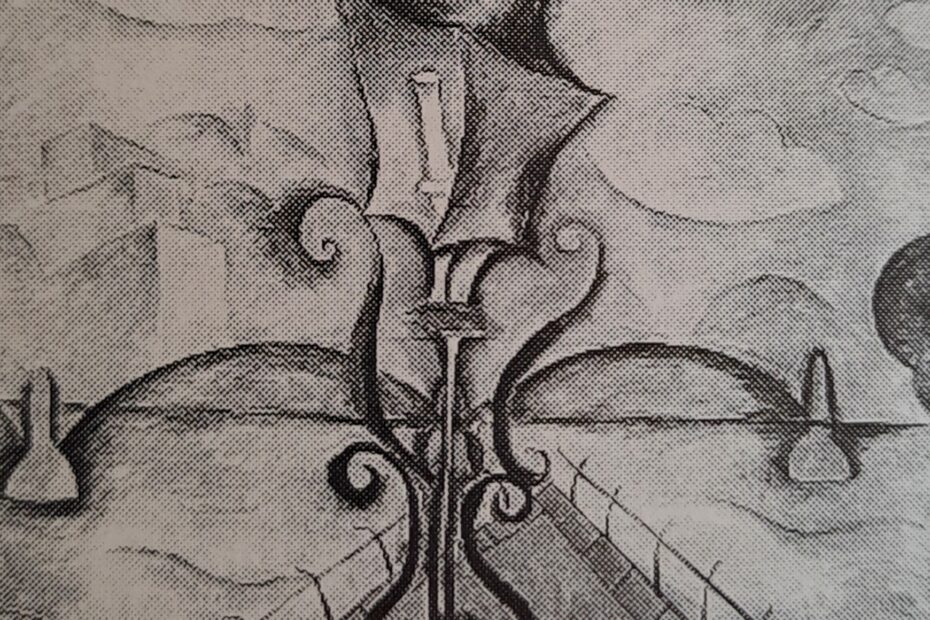 Die vergessene Laterne, 1919 - 1920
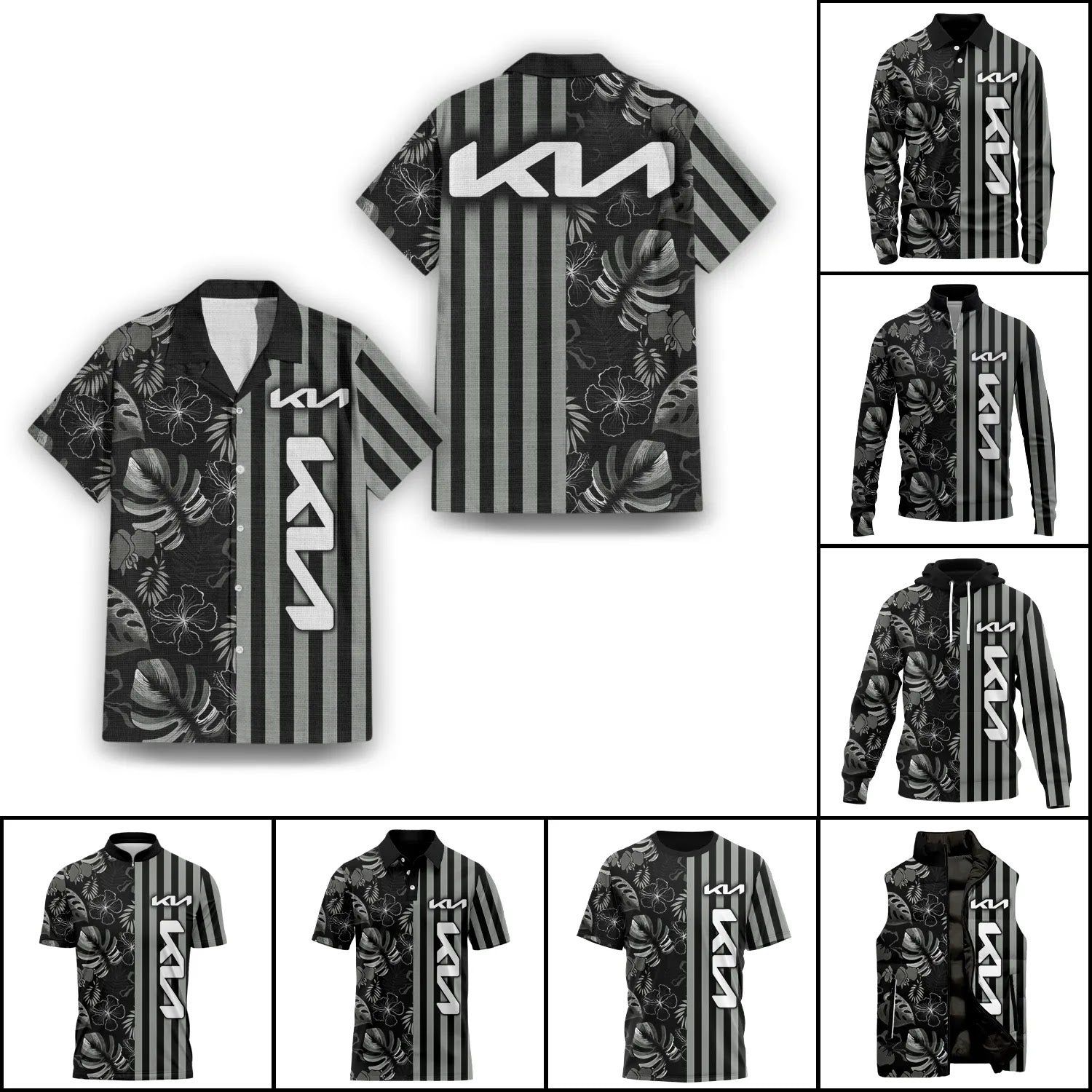 Kia Apparels SHW040
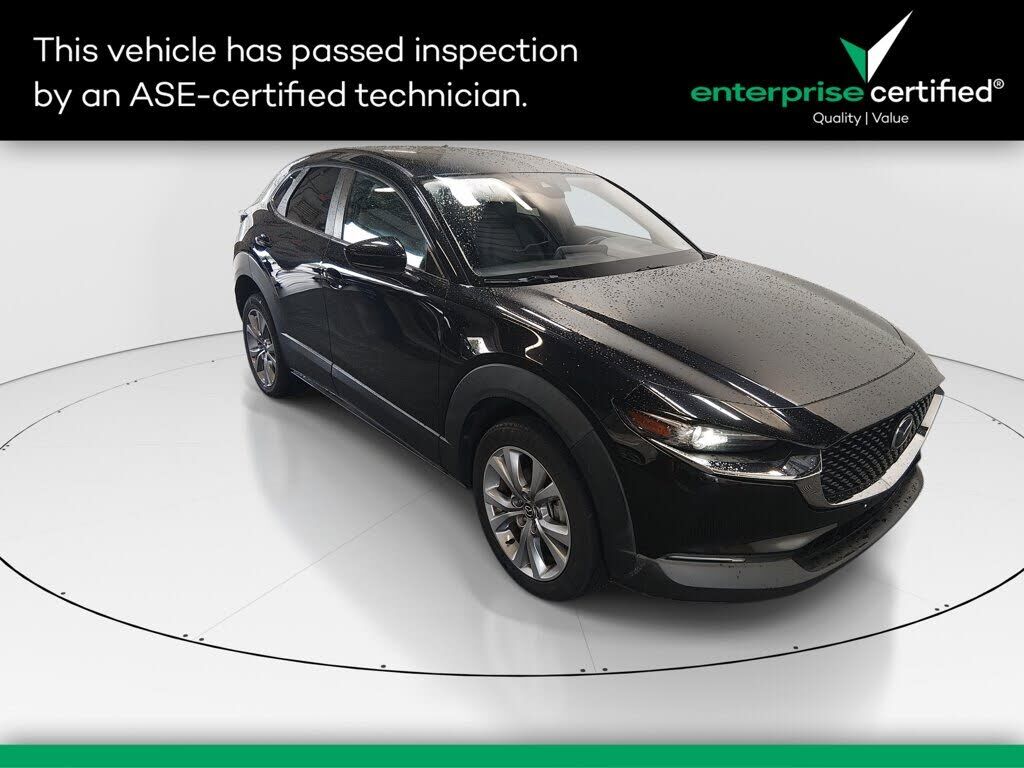 2021 MAZDA CX-30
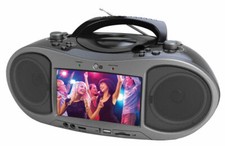 7" Bluetooth® DVD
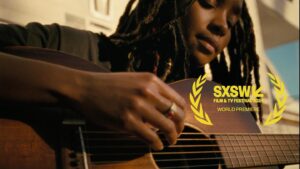 KiKi Layne Instagram - “This film really highlights the songwriters’ journey, and I am grateful that in this role I got to truly be a songwriter and help contribute to the music in the film as well. I wanted to tell this story because it is very close to home, being that I am also from Cincinnati and was a musician and singer/songwriter growing up. This film allowed me to reconnect with my hometown and my love of creating music. Pushing past my fears of sharing my singing voice in a more public way.”
@indiewire @sxsw 
#sxsw2024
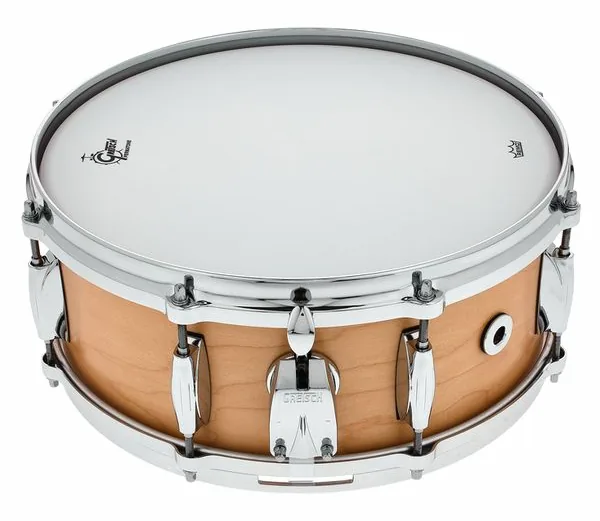 Gretsch Drums 14"x5.5" USA Custom Snare Drum detail 3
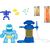 کیت ساخت عروسک فشاری گو جیت زو Goo Jit Zu سری Hero Creator مدل Tyro, تنوع: 42992 - Tyro, image 8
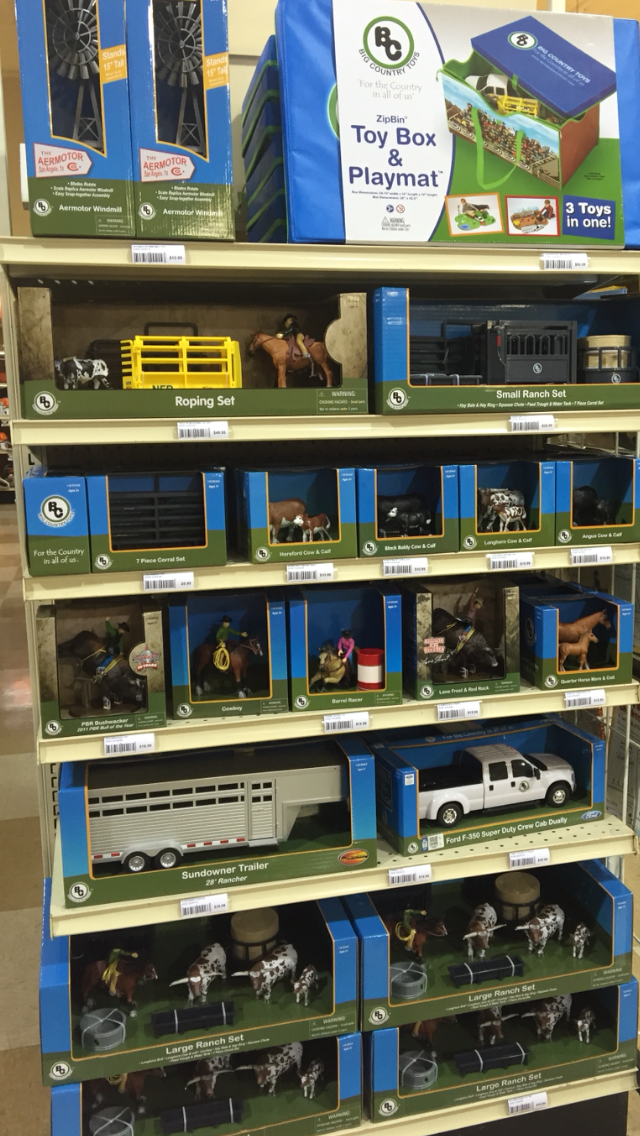 Big Country Farm Toys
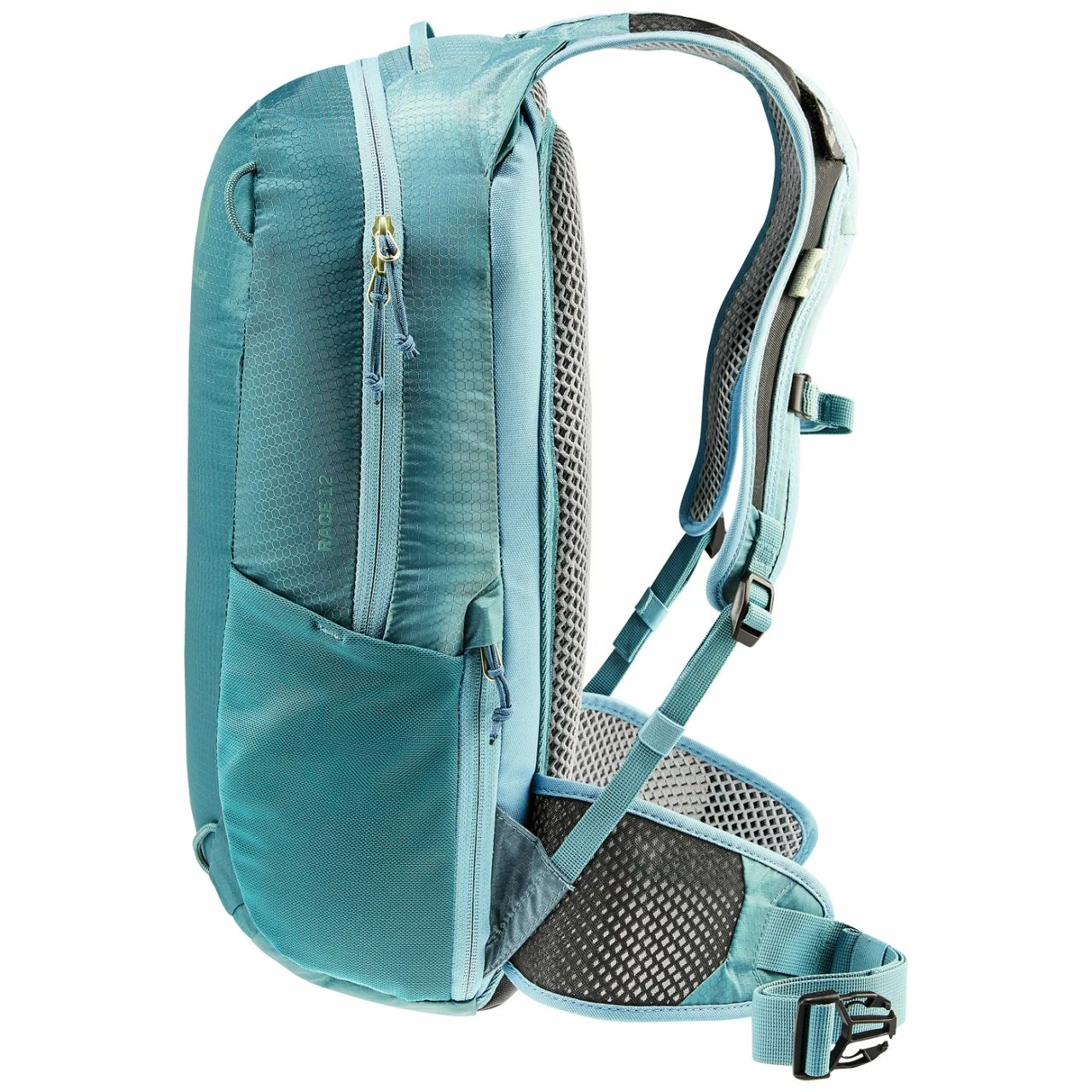 Deuter Rucksack Race 12l Deepsea Jade 6 Deuter Rucksack Race 12l Deepsea Jade – Bild 4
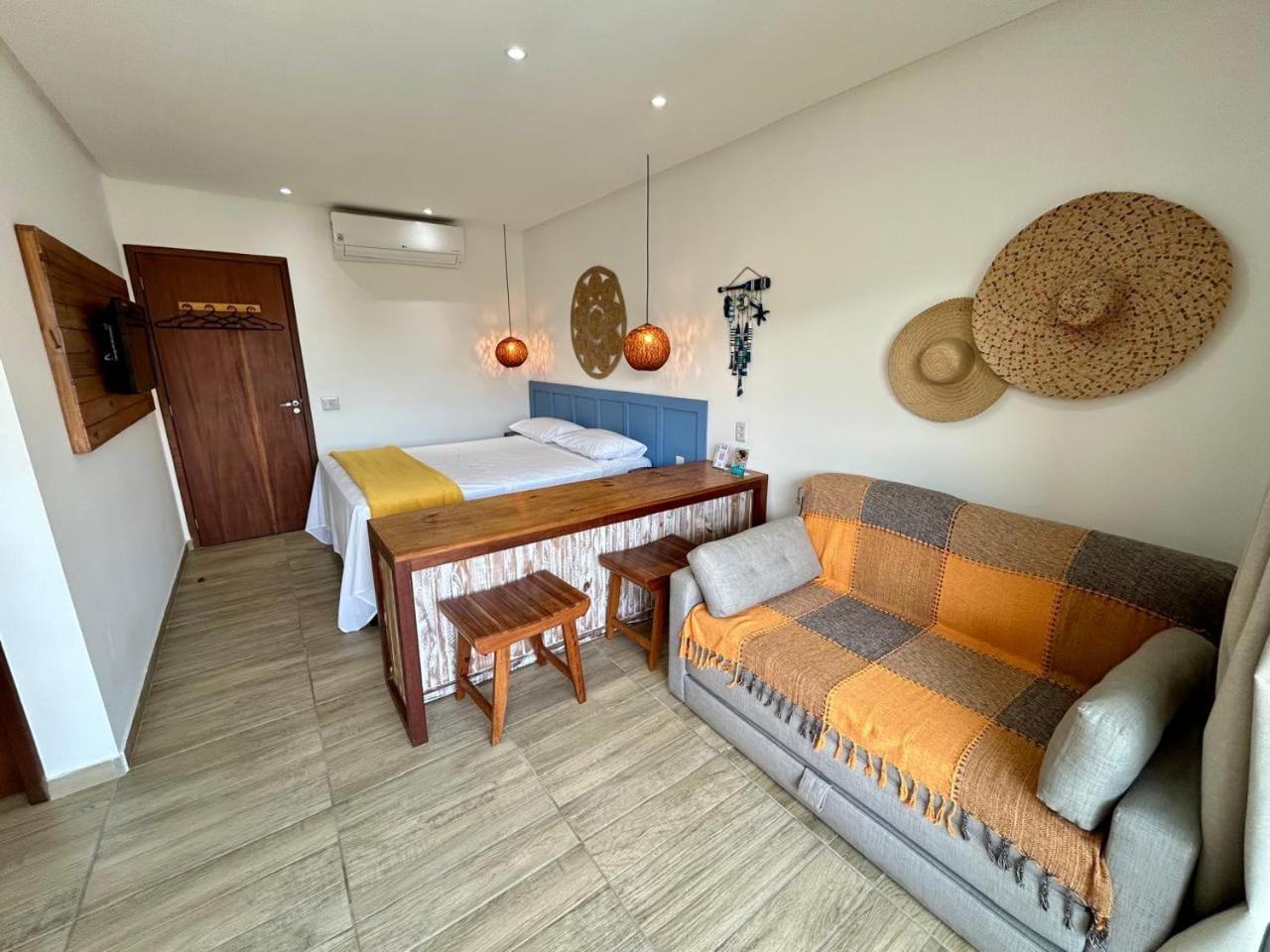 Villa Bangalu (Adults Only) Pôrto das Galinhas Buitenkant foto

....

Quote every record above exactly, leaving out any pictures.

Task result:
 Die vergessene Laterne, 1919 - 1920
 Kia Apparels SHW040
 2021 MAZDA CX-30
 7" Bluetooth® DVD
 KiKi Layne Instagram - “This film really highlights the songwriters’ journey, and I am grateful that in this role I got to truly be a songwriter and help contribute to the music in the film as well. I wanted to tell this story because it is very close to home, being that I am also from Cincinnati and was a musician and singer/songwriter growing up. This film allowed me to reconnect with my hometown and my love of creating music. Pushing past my fears of sharing my singing voice in a more public way.”
@indiewire @sxsw 
#sxsw2024
 Gretsch Drums 14"x5.5" USA Custom Snare Drum detail 3
 کیت ساخت عروسک فشاری گو جیت زو Goo Jit Zu سری Hero Creator مدل Tyro, تنوع: 42992 - Tyro, image 8
 Big Country Farm Toys
 Deuter Rucksack Race 12l Deepsea Jade 6 Deuter Rucksack Race 12l Deepsea Jade – Bild 4
 Villa Bangalu (Adults Only) Pôrto das Galinhas Buitenkant foto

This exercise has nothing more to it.